*** Begin section ***
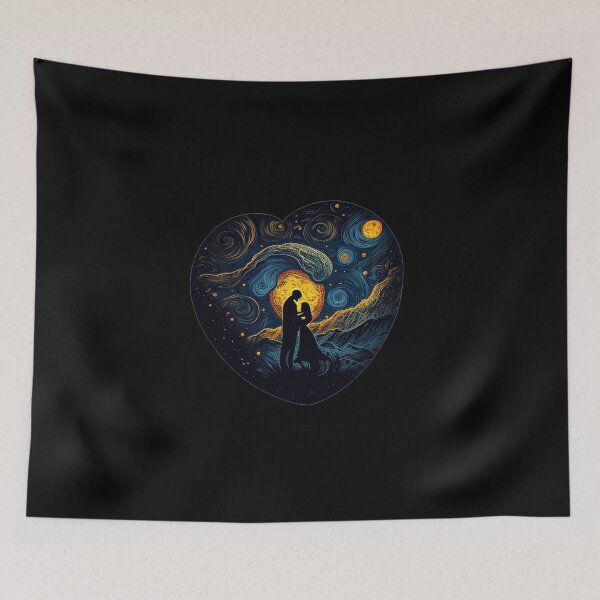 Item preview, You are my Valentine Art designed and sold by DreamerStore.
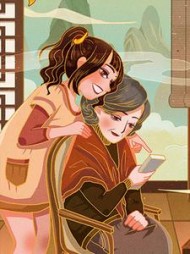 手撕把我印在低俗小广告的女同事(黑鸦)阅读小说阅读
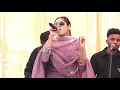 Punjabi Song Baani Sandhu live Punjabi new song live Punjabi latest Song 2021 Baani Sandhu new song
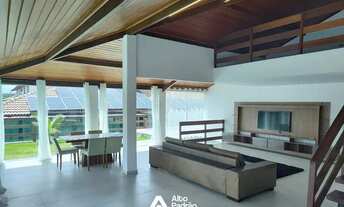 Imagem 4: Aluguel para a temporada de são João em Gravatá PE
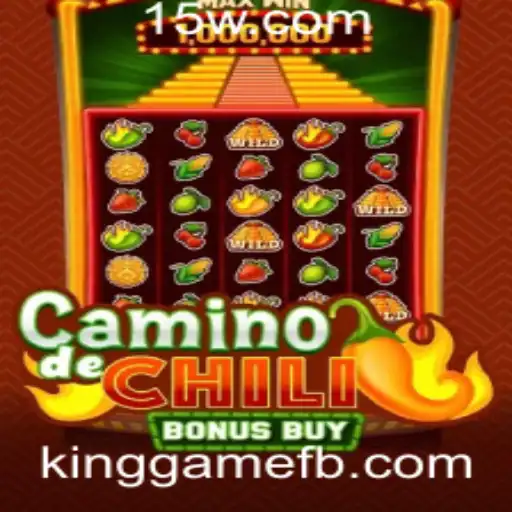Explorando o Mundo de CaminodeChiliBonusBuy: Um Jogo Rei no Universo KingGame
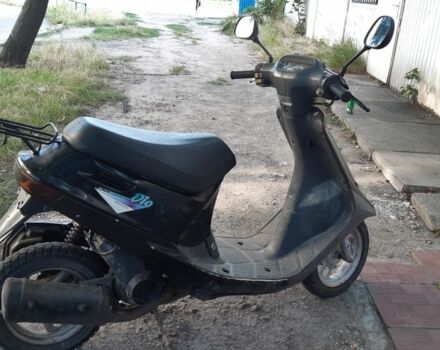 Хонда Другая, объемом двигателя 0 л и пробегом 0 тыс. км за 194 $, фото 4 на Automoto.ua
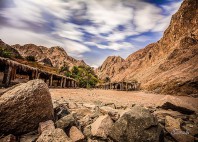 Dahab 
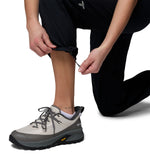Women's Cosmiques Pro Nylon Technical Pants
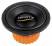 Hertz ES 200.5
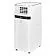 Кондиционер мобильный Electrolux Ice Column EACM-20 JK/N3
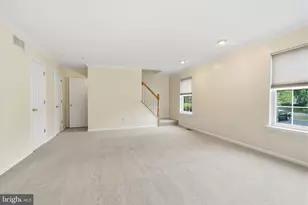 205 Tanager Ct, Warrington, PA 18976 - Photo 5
*** End section ***
*** Begin section ***
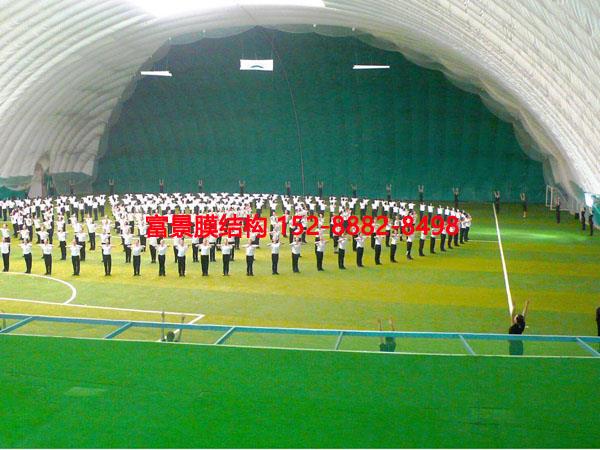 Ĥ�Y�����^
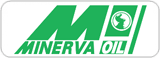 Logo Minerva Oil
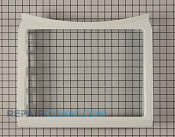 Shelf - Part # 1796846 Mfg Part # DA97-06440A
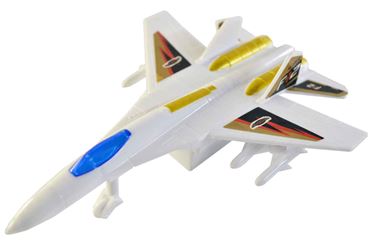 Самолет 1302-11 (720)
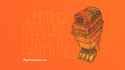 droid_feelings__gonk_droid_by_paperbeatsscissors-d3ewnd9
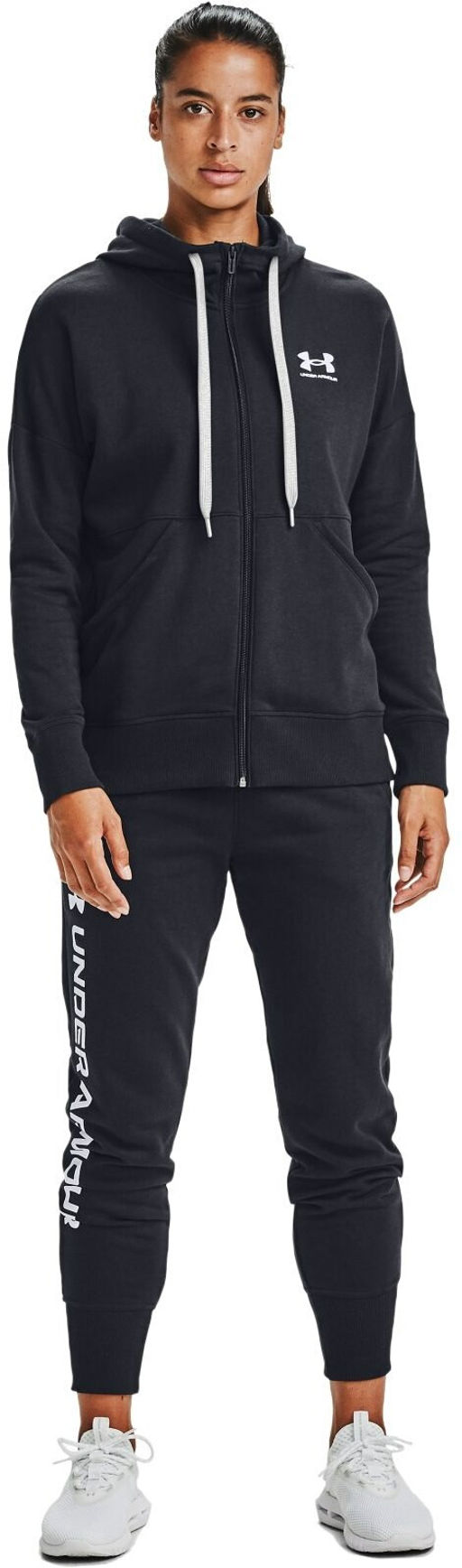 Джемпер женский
*** End section ***
*** Begin section ***
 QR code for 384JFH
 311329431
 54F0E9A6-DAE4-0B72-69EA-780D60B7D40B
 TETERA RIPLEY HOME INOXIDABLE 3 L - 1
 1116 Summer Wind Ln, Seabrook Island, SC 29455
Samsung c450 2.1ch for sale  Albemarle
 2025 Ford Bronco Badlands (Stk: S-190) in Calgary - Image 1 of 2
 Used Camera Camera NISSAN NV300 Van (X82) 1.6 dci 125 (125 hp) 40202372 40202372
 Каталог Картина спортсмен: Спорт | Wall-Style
*** End section ***
Exercise directions: Please give back exactly the lines of this listing beginning at the line with "TETERA RIPLEY HOME INOXIDABLE 3 L - 1" and ending with the line with "Каталог Картина спортсмен: Спорт", both included, and nothing else.

Solution to the exercise:
 TETERA RIPLEY HOME INOXIDABLE 3 L - 1
 1116 Summer Wind Ln, Seabrook Island, SC 29455
Samsung c450 2.1ch for sale  Albemarle
 2025 Ford Bronco Badlands (Stk: S-190) in Calgary - Image 1 of 2
 Used Camera Camera NISSAN NV300 Van (X82) 1.6 dci 125 (125 hp) 40202372 40202372
 Каталог Картина спортсмен: Спорт | Wall-Style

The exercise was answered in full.